The Under-Secretary of State for Global Affairs of the United States, Timothy E. Wirth, told the Commission that, as a consequence of its narrow focus, it had unnecessarily duplicated the work of other bodies, such as the United Nations Environment Programme (UNEP). Instead, the Commission should be more broadly focused, looking equally at all three aspects of sustainability. It should bring together policy-makers involved in finance, commerce, the environment and other disciplines. It should also shifts its focus to such cross-sectoral issues as the sustainability of cities and the world's food supply.
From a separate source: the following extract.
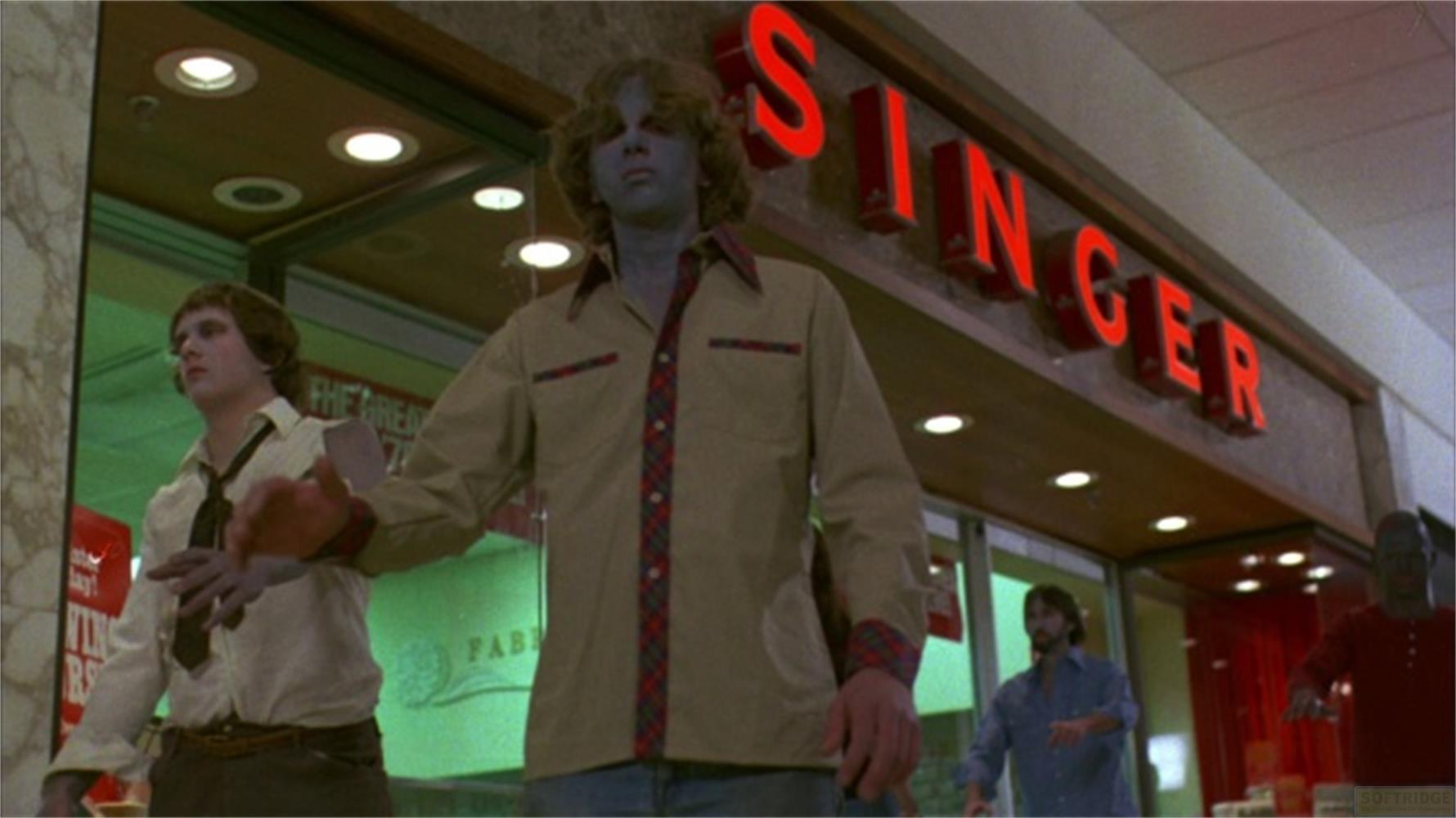 Zombie in un centro commerciale davanti a un'insegna Singer.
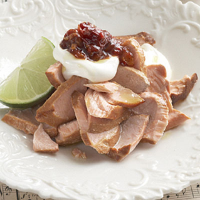 Tea-smoked wild Alaskan salmon with crème fraîche and chilli jam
The Deputy Minister of the Environment and the Protection of Nature of Senegal, Mbaye Ndoye, told the Commission that Agenda 21 had targeted official development assistance as an essential element of sustainability. The downward trend in assistance was taking place at the very moment when it was most needed for sustainable economic growth.
The Secretary of State for the Environment of the United Kingdom, John Gummer, told the Commission that it discussed too many subjects, and those tended to be discussed in isolation. The United Nations should elaborate sustainable development plans that cut right across different issues.
The Minister of Science, Technology and Environment of Malaysia, Dato Law Hieng Ding, said that the private sector should be encouraged to actively participate in the financing of sustainable development with targeted tax relief. Balanced environmental and trade policies could benefit both sectors. Environmental concerns should not be used as an excuse for restraining trade.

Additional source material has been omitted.